- **REQUIRED ACTION**: Below are some records. Return exactly the lines from the one with "Surf Scoter - ML614552084" to the one with "Microsoft WWE 2K18: Digital", and nothing else.

========================

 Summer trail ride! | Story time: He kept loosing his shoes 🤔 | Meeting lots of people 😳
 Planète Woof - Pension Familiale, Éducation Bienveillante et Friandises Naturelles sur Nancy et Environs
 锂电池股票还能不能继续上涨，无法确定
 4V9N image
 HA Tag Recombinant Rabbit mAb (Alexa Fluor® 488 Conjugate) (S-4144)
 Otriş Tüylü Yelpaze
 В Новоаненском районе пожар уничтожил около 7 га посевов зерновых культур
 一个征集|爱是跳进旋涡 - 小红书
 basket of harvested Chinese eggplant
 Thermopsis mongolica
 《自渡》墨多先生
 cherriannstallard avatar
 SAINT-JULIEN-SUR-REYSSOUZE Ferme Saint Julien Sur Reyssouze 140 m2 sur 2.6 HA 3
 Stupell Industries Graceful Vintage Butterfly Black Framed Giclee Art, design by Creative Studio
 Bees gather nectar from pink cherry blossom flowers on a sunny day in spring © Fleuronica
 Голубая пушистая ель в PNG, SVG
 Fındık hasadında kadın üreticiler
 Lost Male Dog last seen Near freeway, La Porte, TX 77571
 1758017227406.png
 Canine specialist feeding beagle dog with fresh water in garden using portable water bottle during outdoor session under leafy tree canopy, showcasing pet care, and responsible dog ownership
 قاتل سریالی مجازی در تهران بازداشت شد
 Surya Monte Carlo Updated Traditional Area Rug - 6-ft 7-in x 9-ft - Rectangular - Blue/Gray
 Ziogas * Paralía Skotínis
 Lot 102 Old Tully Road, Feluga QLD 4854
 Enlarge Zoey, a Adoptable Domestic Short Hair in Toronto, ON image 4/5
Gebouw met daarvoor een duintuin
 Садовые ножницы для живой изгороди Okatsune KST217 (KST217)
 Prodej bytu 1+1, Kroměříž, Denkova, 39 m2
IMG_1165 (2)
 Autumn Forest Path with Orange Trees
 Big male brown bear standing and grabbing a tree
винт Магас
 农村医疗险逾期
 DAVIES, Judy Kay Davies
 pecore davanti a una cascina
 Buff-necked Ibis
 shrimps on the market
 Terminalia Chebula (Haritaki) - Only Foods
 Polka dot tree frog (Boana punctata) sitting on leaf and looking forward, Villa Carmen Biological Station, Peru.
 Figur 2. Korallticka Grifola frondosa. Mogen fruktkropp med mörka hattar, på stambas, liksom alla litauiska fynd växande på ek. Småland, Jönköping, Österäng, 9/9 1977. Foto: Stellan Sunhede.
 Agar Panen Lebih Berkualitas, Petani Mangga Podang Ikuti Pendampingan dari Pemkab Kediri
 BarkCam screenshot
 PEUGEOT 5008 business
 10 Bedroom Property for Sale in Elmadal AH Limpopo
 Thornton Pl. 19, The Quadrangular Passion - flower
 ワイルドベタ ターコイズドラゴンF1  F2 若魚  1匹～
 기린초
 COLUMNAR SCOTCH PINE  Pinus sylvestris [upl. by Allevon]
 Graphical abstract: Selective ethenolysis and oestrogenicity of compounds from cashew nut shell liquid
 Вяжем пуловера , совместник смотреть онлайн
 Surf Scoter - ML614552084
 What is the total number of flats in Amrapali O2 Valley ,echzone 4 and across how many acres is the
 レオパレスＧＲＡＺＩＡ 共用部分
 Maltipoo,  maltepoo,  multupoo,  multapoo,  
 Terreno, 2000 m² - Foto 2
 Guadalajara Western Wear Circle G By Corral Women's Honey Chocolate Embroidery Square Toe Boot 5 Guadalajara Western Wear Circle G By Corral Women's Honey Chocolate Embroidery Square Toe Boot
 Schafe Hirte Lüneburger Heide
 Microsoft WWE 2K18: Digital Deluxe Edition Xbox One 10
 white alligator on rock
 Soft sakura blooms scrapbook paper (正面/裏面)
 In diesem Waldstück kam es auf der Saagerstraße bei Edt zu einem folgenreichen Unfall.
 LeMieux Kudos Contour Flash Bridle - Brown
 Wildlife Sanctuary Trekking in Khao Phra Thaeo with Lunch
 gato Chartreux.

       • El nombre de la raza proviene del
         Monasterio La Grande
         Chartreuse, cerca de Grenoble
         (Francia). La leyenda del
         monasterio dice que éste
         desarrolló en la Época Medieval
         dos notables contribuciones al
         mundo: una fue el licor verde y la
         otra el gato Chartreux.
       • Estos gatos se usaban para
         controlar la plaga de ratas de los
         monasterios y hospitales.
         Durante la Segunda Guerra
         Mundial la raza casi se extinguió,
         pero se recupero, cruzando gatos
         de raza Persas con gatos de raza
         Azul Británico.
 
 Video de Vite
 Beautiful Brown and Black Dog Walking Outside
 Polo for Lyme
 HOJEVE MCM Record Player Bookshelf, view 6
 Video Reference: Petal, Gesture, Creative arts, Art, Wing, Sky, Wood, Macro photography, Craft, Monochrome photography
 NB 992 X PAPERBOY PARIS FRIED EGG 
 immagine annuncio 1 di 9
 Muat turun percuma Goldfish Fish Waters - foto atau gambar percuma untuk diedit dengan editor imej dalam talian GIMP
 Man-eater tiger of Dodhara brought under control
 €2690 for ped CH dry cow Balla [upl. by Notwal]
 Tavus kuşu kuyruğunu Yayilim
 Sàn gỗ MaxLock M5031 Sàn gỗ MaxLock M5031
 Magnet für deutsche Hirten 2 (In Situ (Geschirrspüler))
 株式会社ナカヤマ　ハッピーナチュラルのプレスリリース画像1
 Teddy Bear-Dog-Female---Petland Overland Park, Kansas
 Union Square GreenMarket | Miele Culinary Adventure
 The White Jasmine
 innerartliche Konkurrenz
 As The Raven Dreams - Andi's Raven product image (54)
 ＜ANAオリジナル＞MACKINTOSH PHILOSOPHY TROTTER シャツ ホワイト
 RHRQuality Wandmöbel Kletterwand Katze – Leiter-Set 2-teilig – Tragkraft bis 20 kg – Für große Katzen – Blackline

========================

- **WRITTEN RESPONSE**:
 Surf Scoter - ML614552084
 What is the total number of flats in Amrapali O2 Valley ,echzone 4 and across how many acres is the
 レオパレスＧＲＡＺＩＡ 共用部分
 Maltipoo,  maltepoo,  multupoo,  multapoo,  
 Terreno, 2000 m² - Foto 2
 Guadalajara Western Wear Circle G By Corral Women's Honey Chocolate Embroidery Square Toe Boot 5 Guadalajara Western Wear Circle G By Corral Women's Honey Chocolate Embroidery Square Toe Boot
 Schafe Hirte Lüneburger Heide
 Microsoft WWE 2K18: Digital Deluxe Edition Xbox One 10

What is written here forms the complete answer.